__Exercise__: Restate the data word for word and leave the images out.

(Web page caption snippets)
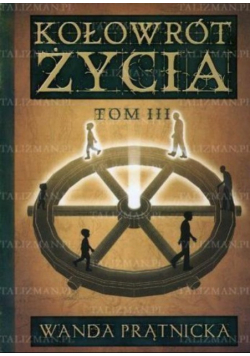 Kołowrót życia Tom 3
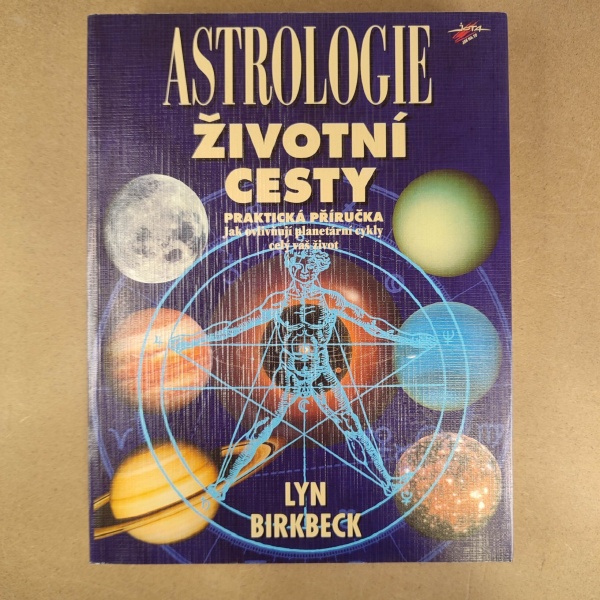 Astrologie životní cesty - Lyn Birkbeck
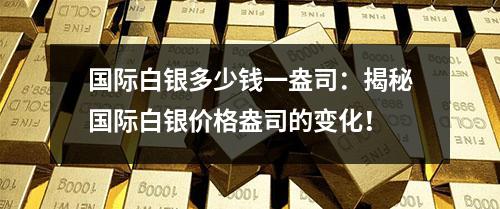 国际白银多少钱一盎司：揭秘国际白银价格盎司的变化！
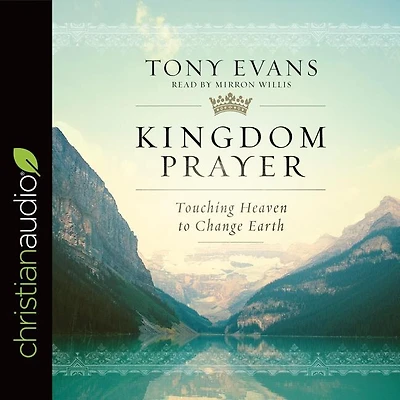 Kingdom Prayer: Touching Heaven To Change Earth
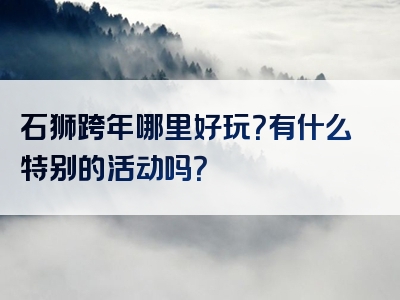 石狮跨年哪里好玩？有什么特别的活动吗？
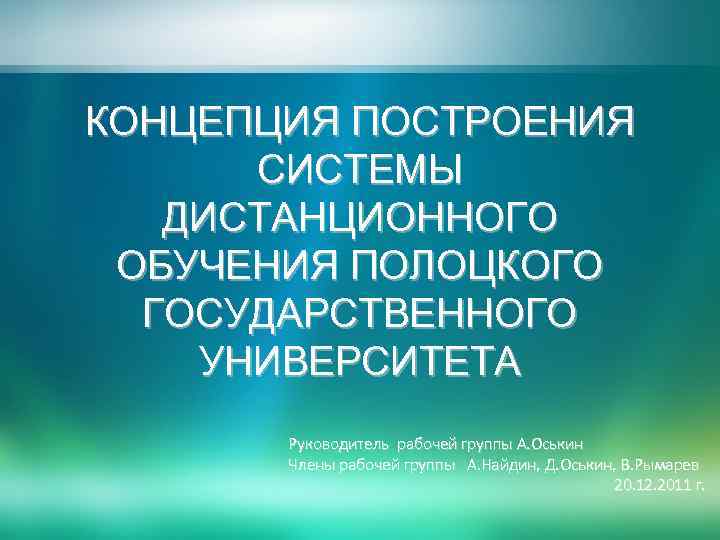 КОНЦЕПЦИЯ ПОСТРОЕНИЯ СИСТЕМЫ ДИСТАНЦИОННОГО ОБУЧЕНИЯ ПОЛОЦКОГО ГОСУДАРСТВЕННОГО УНИВЕРСИТЕТА Руководитель рабочей группы А. Оськин Члены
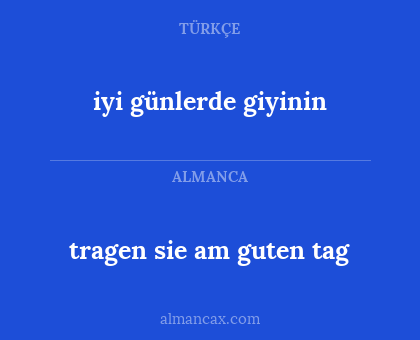 iyi günlerde giyinin - tragen sie am guten tag
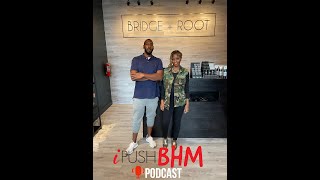 iPUSH BHM Podcast ( She Been A Boss ) Episode #2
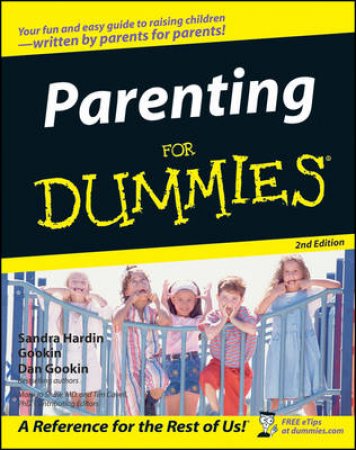 Parenting For Dummies by Dan & Sandra Gookin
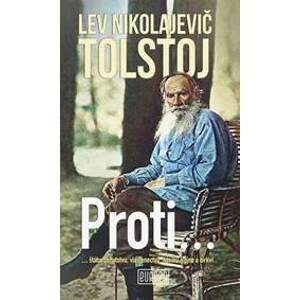 Proti... - Tolstoj Lev Nikolajevič
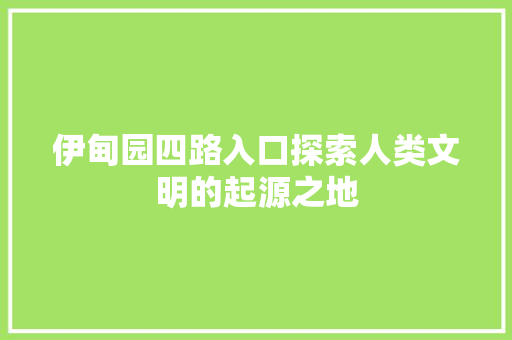 伊甸园四路入口探索人类文明的起源之地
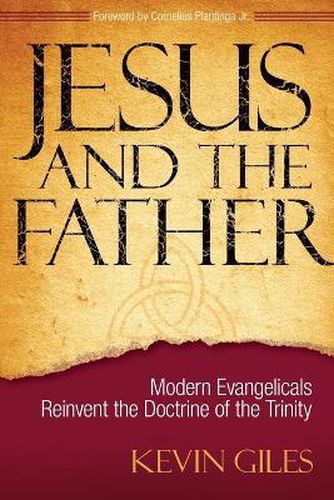 Cover image for Jesus and the Father: Modern Evangelicals Reinvent the Doctrine of the Trinity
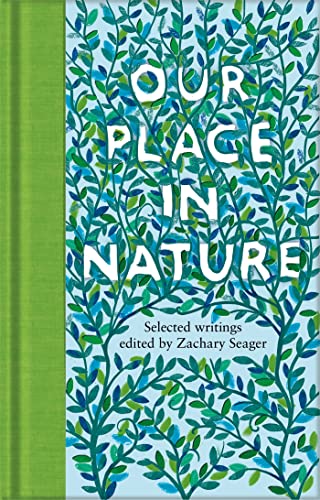 Zachary Seager Our Place In Nature, Selected Writings (Macmillan Collector's Library, 340)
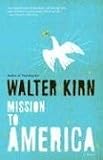 Mission to America: A Novel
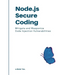 Node.js Secure Coding: Mitigate and Weaponize Code Injection Vulnerabilities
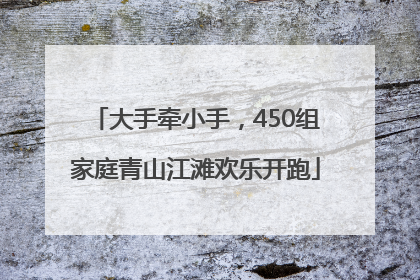 大手牵小手，450组家庭青山江滩欢乐开跑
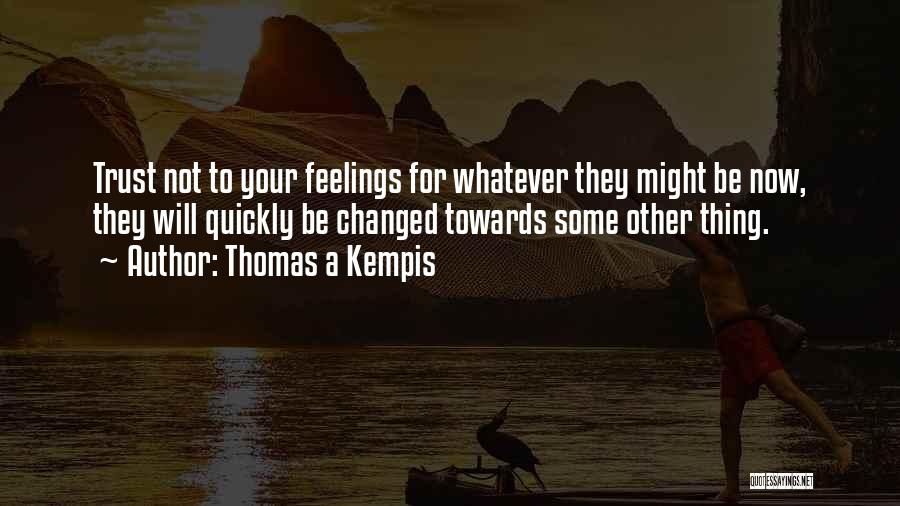 Trust Your Feelings Quotes By Thomas A Kempis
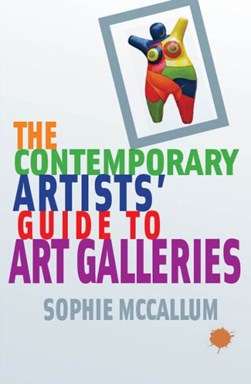The contemporary artists' guide to art galleries by Sophie McCallum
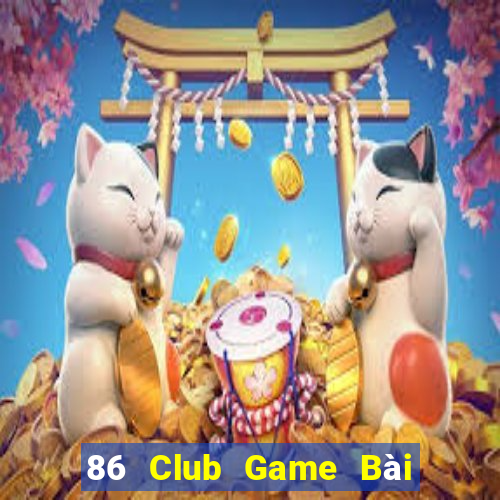 86 Club Game Bài Ma Thuật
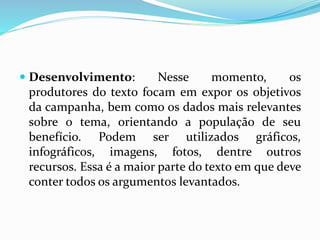  Desenvolvimento: Nesse momento, os
produtores do texto focam em expor os objetivos
da campanha, bem como os dados mais relevantes
sobre o tema, orientando a população de seu
benefício. Podem ser utilizados gráficos,
infográficos, imagens, fotos, dentre outros
recursos. Essa é a maior parte do texto em que deve
conter todos os argumentos levantados.
 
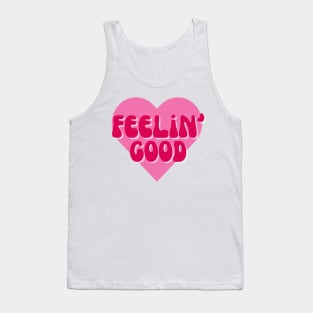 Feeling Good Tank Top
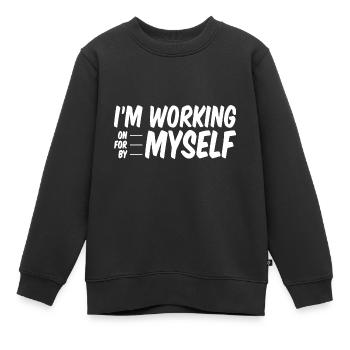 Je travaille sur, pour, par moi-même - Sweat Premium enfant bio - noir - Devant - AI Model Kid Female (0cm)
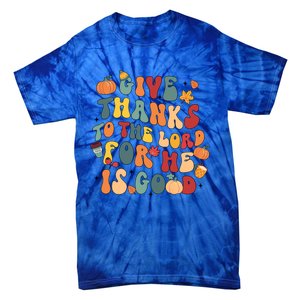 Give Thanks To The Lord For He Is Good Thanksgiving Jesus Meaningful Gift Tie-Dye T-Shirt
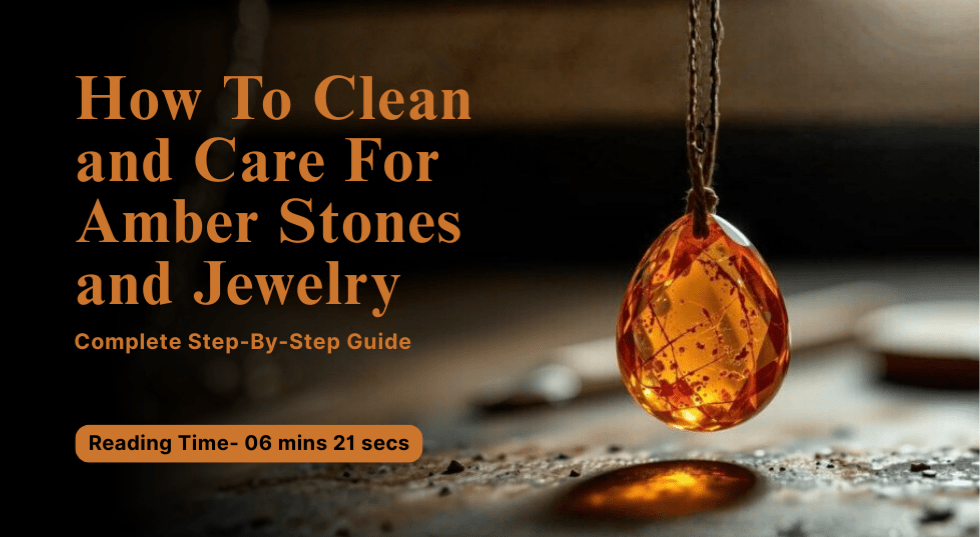 How To Clean and Care For Amber Stones & Jewelry: Complete Step-By-Step Guide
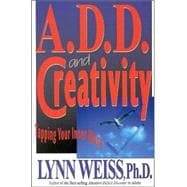 A.D.D. and Creativity Tapping Your Inner Muse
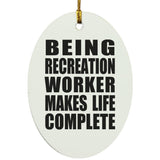 Being Recreation Worker Makes Life Complete - Oval Ornament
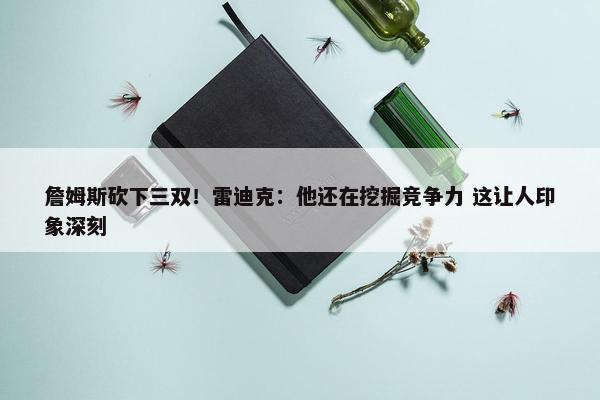 詹姆斯砍下三双！雷迪克：他还在挖掘竞争力 这让人印象深刻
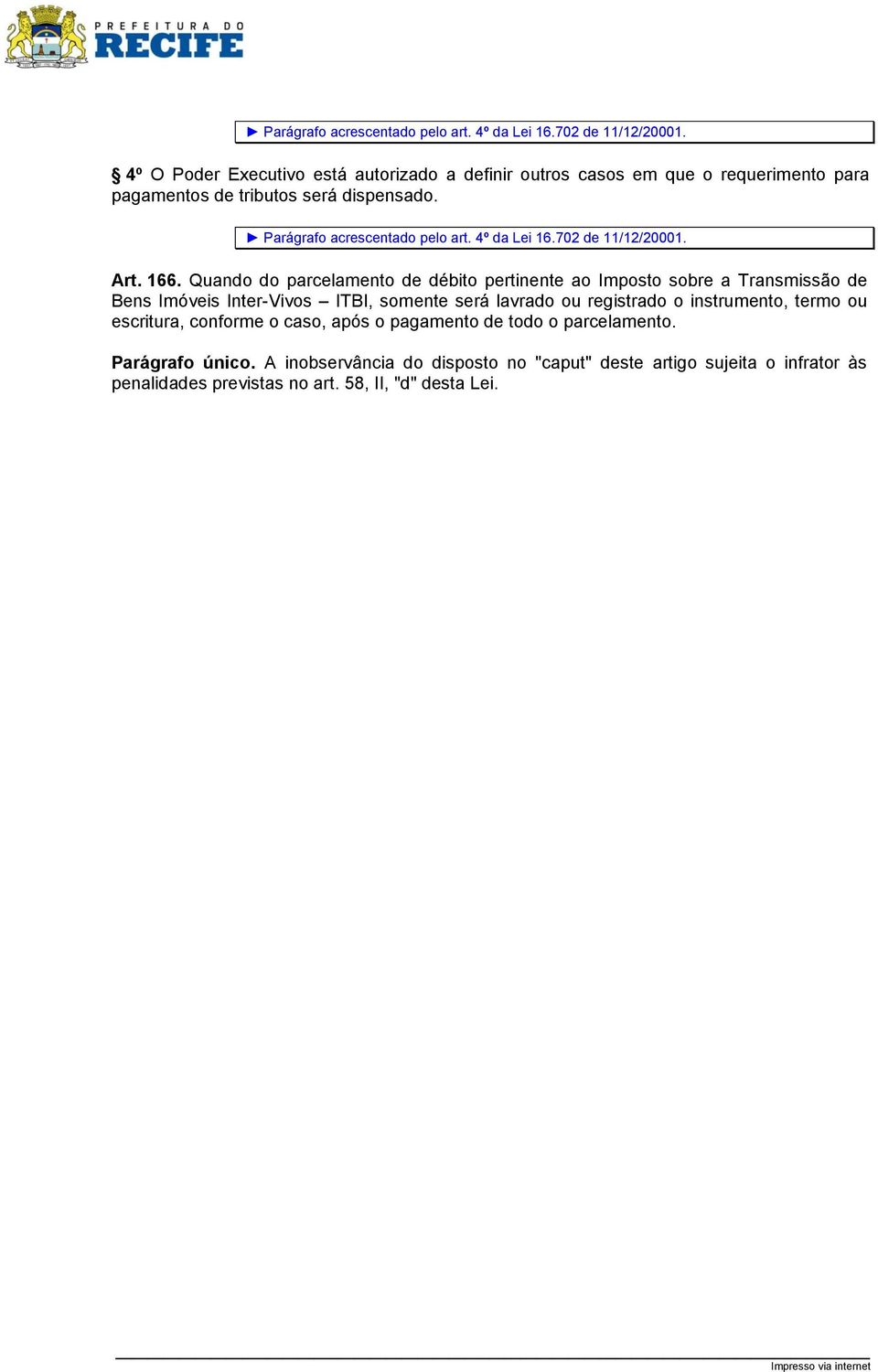 Quando do parcelamento de débito pertinente ao Imposto sobre a Transmissão de Bens Imóveis Inter-Vivos ITBI, somente será lavrado ou registrado o instrumento,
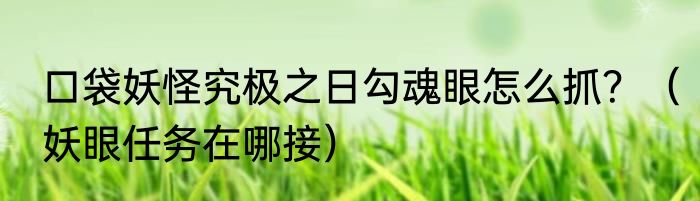 口袋妖怪究极之日勾魂眼怎么抓？（妖眼任务在哪接）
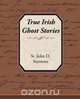 True Irish Ghost Stories, St John D. Seymour 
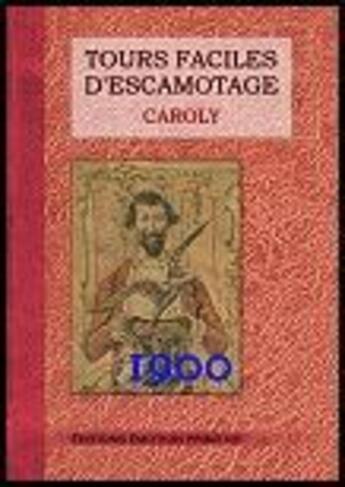 Couverture du livre « Tours faciles d'escamotage » de Caroly aux éditions Emotion Primitive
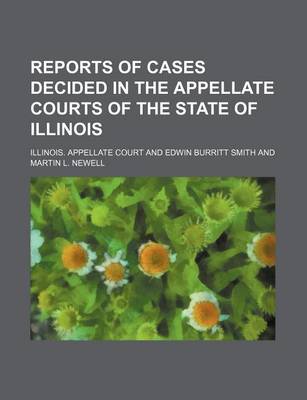 Book cover for Reports of Cases Decided in the Appellate Courts of the State of Illinois (Volume 22)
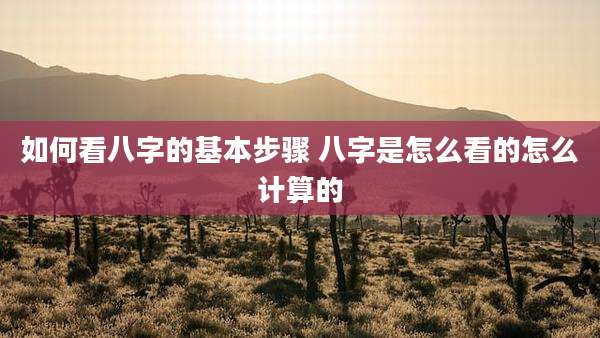如何看八字的基本步骤 八字是怎么看的怎么计算的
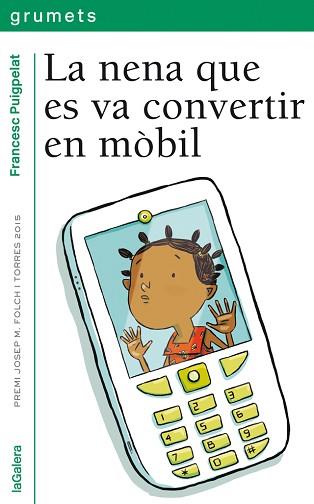 NENA QUE ES VA CONVERTIR EN MÒBIL, LA | 9788424659738 | PUIGPELAT, FRANCESC | Llibreria L'Illa - Llibreria Online de Mollet - Comprar llibres online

__Solution to this problem__:
 Kołowrót życia Tom 3
 Astrologie životní cesty - Lyn Birkbeck
 国际白银多少钱一盎司：揭秘国际白银价格盎司的变化！
 Kingdom Prayer: Touching Heaven To Change Earth
 石狮跨年哪里好玩？有什么特别的活动吗？
 КОНЦЕПЦИЯ ПОСТРОЕНИЯ СИСТЕМЫ ДИСТАНЦИОННОГО ОБУЧЕНИЯ ПОЛОЦКОГО ГОСУДАРСТВЕННОГО УНИВЕРСИТЕТА Руководитель рабочей группы А. Оськин Члены
 iyi günlerde giyinin - tragen sie am guten tag
 iPUSH BHM Podcast ( She Been A Boss ) Episode #2
 Parenting For Dummies by Dan & Sandra Gookin
 Proti... - Tolstoj Lev Nikolajevič
 伊甸园四路入口探索人类文明的起源之地
 Cover image for Jesus and the Father: Modern Evangelicals Reinvent the Doctrine of the Trinity
 Zachary Seager Our Place In Nature, Selected Writings (Macmillan Collector's Library, 340)
 Mission to America: A Novel
 Node.js Secure Coding: Mitigate and Weaponize Code Injection Vulnerabilities
 大手牵小手，450组家庭青山江滩欢乐开跑
 Trust Your Feelings Quotes By Thomas A Kempis
The contemporary artists' guide to art galleries by Sophie McCallum
 86 Club Game Bài Ma Thuật
  Desenvolvimento: Nesse momento, os
produtores do texto focam em expor os objetivos
da campanha, bem como os dados mais relevantes
sobre o tema, orientando a população de seu
benefício. Podem ser utilizados gráficos,
infográficos, imagens, fotos, dentre outros
recursos. Essa é a maior parte do texto em que deve
conter todos os argumentos levantados.
 
 Feeling Good Tank Top
 Je travaille sur, pour, par moi-même - Sweat Premium enfant bio - noir - Devant - AI Model Kid Female (0cm)
 Give Thanks To The Lord For He Is Good Thanksgiving Jesus Meaningful Gift Tie-Dye T-Shirt
 How To Clean and Care For Amber Stones & Jewelry: Complete Step-By-Step Guide
 A.D.D. and Creativity Tapping Your Inner Muse
 Being Recreation Worker Makes Life Complete - Oval Ornament
 詹姆斯砍下三双！雷迪克：他还在挖掘竞争力 这让人印象深刻
 Quando do parcelamento de débito pertinente ao Imposto sobre a Transmissão de Bens Imóveis Inter-Vivos ITBI, somente será lavrado ou registrado o instrumento,
 口袋妖怪究极之日勾魂眼怎么抓？（妖眼任务在哪接）
 True Irish Ghost Stories, St John D. Seymour 
 Couverture du livre « Tours faciles d'escamotage » de Caroly aux éditions Emotion Primitive
 Book cover for Reports of Cases Decided in the Appellate Courts of the State of Illinois (Volume 22)
如何看八字的基本步骤 八字是怎么看的怎么计算的
 NENA QUE ES VA CONVERTIR EN MÒBIL, LA | 9788424659738 | PUIGPELAT, FRANCESC | Llibreria L'Illa - Llibreria Online de Mollet - Comprar llibres online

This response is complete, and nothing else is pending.